In her response, Commerce Minister Nirmala Sitharaman has said the government feels “motivated” to work towards meeting the prime minister’s realistic target and that the World Bank did not consider a few critical reforms steps that have been undertaken after the June 1 deadline set by the Doing Business report. And the World Bank has assured the government that ongoing initiatives – the bankruptcy law, transparency through auction of natural resources, online processes in tax compliance, the potential of the goods and services tax – will be considered in the future. There is some merit in this line of thinking, but it still does not explain why it is still easier to start a business in Swaziland, Botswana, Gabon, Malawi and Cameron. Or, why with a ranking of 172, India trails Congo, Papua New Guinea and Benin in enforcement of contracts. South Sudan, which became a country in 2011, ranks 73 — roughly 100 spots above India. In paying taxes and trading across borders, India ranks 172 and 143, respectively. 

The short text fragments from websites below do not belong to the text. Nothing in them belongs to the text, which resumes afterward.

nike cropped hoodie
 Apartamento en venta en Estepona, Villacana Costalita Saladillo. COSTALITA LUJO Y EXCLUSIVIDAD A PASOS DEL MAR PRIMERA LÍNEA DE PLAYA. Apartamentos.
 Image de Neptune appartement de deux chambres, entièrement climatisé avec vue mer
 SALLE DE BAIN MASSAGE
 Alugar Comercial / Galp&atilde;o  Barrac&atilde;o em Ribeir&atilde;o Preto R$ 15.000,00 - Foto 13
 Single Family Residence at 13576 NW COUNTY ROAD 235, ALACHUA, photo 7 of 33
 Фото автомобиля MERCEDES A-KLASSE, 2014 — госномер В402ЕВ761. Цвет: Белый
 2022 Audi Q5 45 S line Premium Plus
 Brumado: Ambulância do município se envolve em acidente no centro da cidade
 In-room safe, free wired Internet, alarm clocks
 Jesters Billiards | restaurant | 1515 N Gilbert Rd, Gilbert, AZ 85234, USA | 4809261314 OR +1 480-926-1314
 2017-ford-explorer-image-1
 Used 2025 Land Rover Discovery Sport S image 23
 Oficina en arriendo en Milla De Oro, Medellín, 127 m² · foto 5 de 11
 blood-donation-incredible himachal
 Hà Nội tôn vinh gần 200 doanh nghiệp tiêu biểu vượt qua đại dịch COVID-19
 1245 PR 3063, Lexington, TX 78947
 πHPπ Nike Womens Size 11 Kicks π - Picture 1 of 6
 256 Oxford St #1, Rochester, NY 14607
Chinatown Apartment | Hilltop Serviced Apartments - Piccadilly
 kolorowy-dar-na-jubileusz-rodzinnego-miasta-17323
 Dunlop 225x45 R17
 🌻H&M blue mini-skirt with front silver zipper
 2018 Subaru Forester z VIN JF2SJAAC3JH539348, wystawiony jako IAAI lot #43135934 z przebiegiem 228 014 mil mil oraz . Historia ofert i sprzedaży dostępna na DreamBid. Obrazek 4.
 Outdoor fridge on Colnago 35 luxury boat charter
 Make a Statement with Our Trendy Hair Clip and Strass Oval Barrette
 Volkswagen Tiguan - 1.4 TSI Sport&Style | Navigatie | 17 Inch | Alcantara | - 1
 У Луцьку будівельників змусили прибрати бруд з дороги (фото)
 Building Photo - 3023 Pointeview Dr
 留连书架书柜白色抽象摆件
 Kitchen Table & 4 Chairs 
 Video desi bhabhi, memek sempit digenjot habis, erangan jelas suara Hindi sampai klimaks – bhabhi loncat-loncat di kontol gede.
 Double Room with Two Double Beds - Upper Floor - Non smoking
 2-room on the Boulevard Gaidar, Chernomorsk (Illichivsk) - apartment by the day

What is happening in the states is not a pretty picture either. In September last year, the government had unveiled a report, titled “Assessment of State Implementation of Business Reforms”, which was the first ever ranking of Indian states based on levels of compliance to the 98-point action plan under the “Make in India” initiative started in 2014. The results were disappointing: Between January and June 2015, the period under consideration, not a single state had achieved even 75 per cent implementation. Worse still, 25 out of the 32 states and Union Territories failed to even accomplish 50 per cent of the regulatory set-up required. The worst performers included some of the biggest and most populous states, such as Uttar Pradesh, Bihar and Maharashtra, further underscoring the demographic challenge. In “getting electricity”, for example, where India has improved the most, the fact is that this is based on data only for Delhi. If the entire country was considered, the top 50 target set by the prime minister would have looked even more remote.

By 2020, India will have 900 million people in the working age group, with an average age of 29 years. It is abundantly clear that employment for such large numbers can only be generated if private entrepreneurs are convinced it is worth doing business in India. Instead of desperately hoping for an unexpected bounty in next year’s World Bank report, Indian officials would do well to give up their ticking-the-box approach and get real.